Dear Sal
Dear Sal,
In a room on the river
we crooned hymns
to honeysuckle, eulogized
a stuffed trout, carved nectarines
& waltzed within
the scent. You fed me
dark bread slathered in butter
& I did not speak of
the French, the Germans, my mouth
too full of sweetnesses. Your steady hands
aglow, you touched me
with such unbearable
attention, accurate
fingers unlacing the slaughter,
numbers & the names of countries
crumbling in your eyes.
Dear Sal,
For nearly a year I have been building a Word.
Hammering letters together, welding with a torch
that shoots a tongue-colored flame. I began
my work while remembering your pinky. How she
stands apart from all the others. They, a cluster
of gossips; she, preening, disturbing the sensibilities.
It is almost finished, the Word. I would say it here
but the walls would come crashing down. I wish
to say it in your house. In your father, mother,
brother & his twelve-gauge altar. Instead I holler
recipes at lizards, cry Kaddish over birds that dash
their brains out on the door. The Word is going
extinct in my mouth. Sing with me, Bashert, once
more.

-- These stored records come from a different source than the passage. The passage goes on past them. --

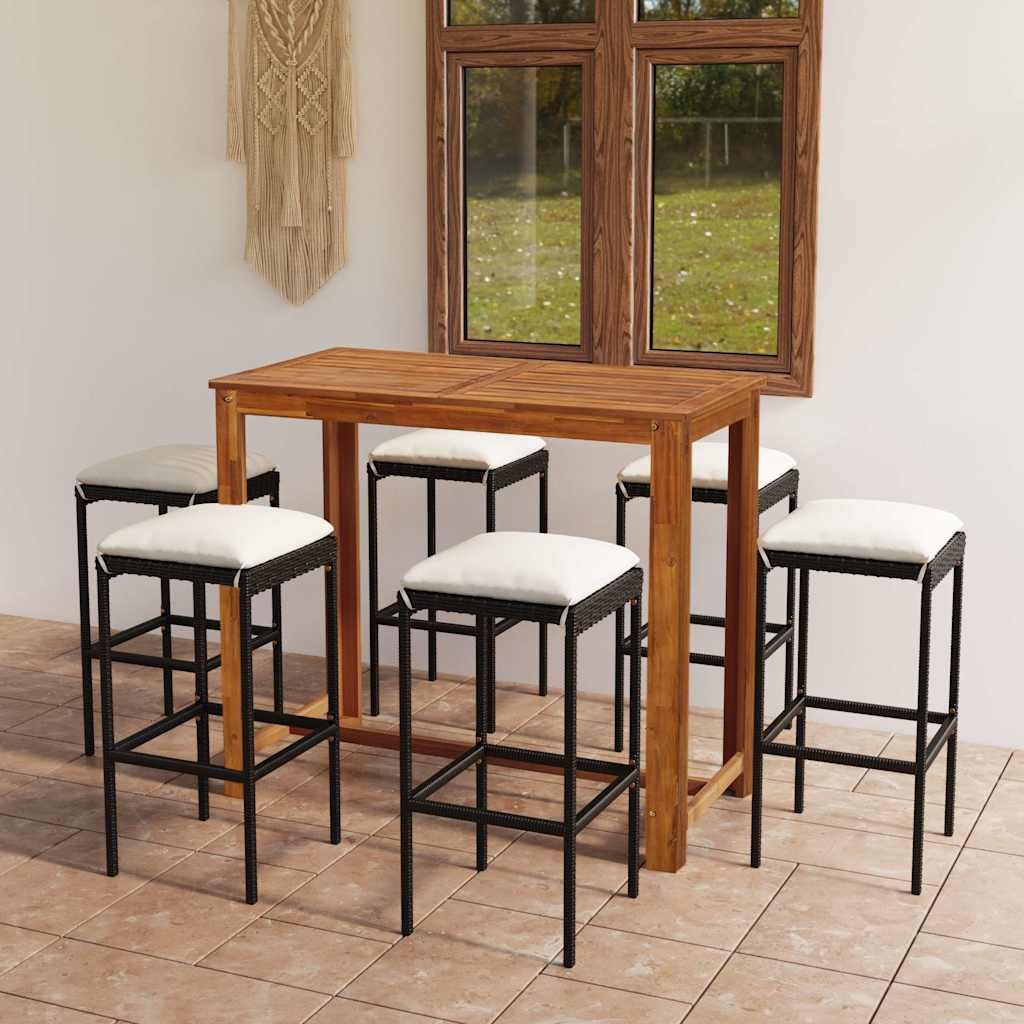Set da Bar da Giardino 7 pz con Cuscini Nero vidaXL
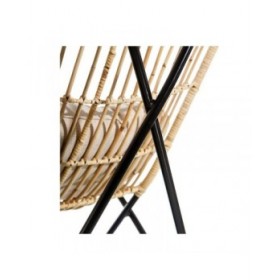 Poltrona 76 x 76 x 87 cm Naturale Nero Fibra naturale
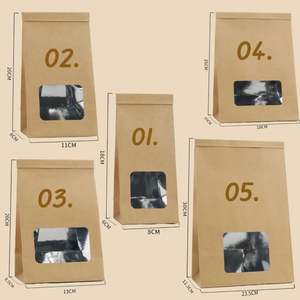 Sacs d'emballage pour thé en papier kraft avec fermeture à lien métallique, fenêtre transparente en aluminium, auto-scellants et refermables, avec logo - Product Image 4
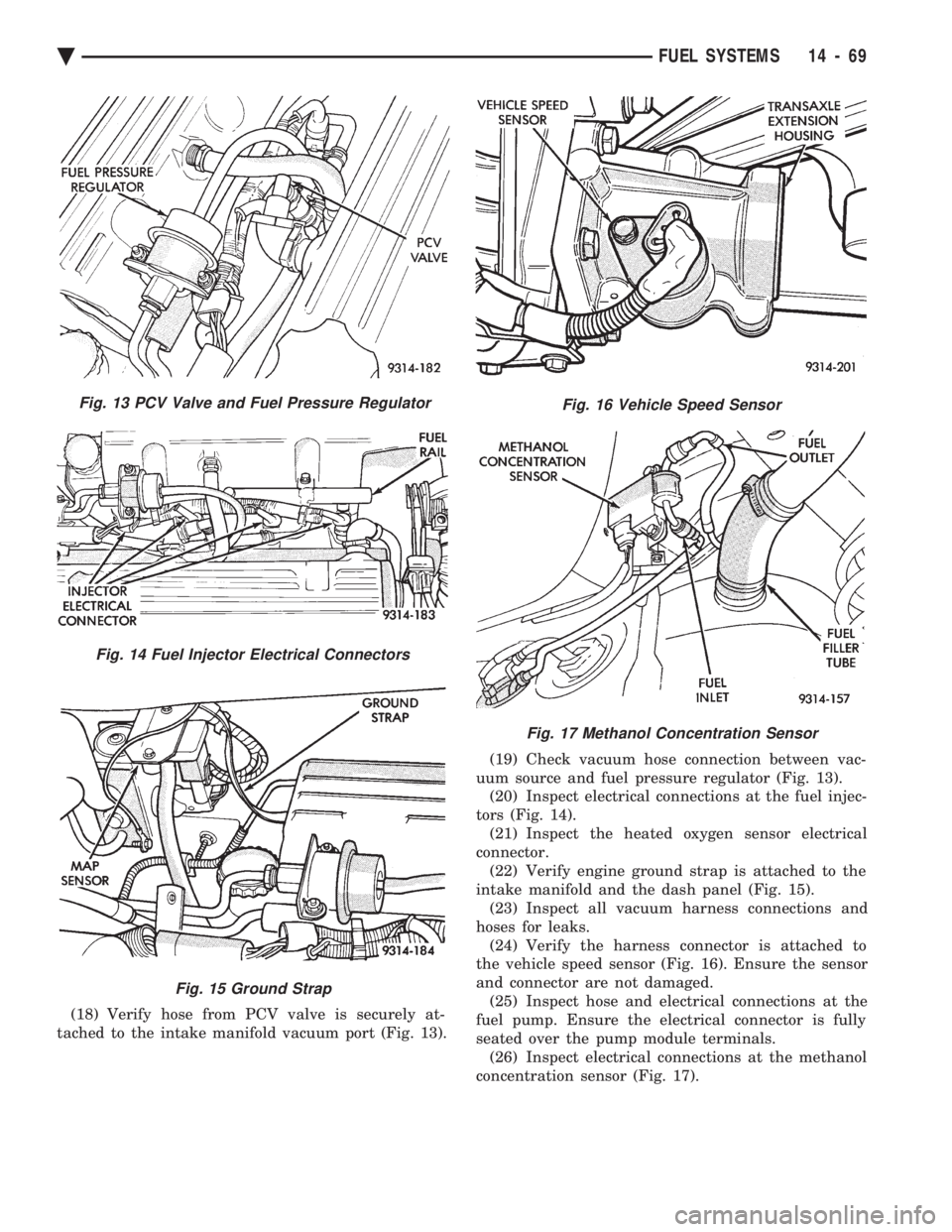 CHEVROLET DYNASTY 1993  Service Manual (18) Verify hose from PCV valve is securely at- 
tached to the intake manifold vacuum port (Fig. 13).  (19) Check vacuum hose connection between vac- 
uum source and fuel pressure regulator (Fig. 13).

There is not enough room in the world
for our silence.
Dear Sal,
Burning beds in a field I command the light, unleash it in the direction of your dress.
I repeat your name to a cavalry of stars, hold to their noses a section of your dress.
You found me trembling like a donkey at the altar, starving & skinny, my hair a ghost’s nest.
You took me inside to bind my wound in water, nourish me on the confection of your dress.
A basket of peaches underneath your arm, the orchards of silence uprooted in your chest,
you stroll through the blinding honeysuckle, its scent the only explanation for your dress.
A sycamore sags on the side of a road, bones of a forgotten saint, unsung & under-blessed.
May you be delivered up from her roots, may you bloom in the rich salvation of her dress.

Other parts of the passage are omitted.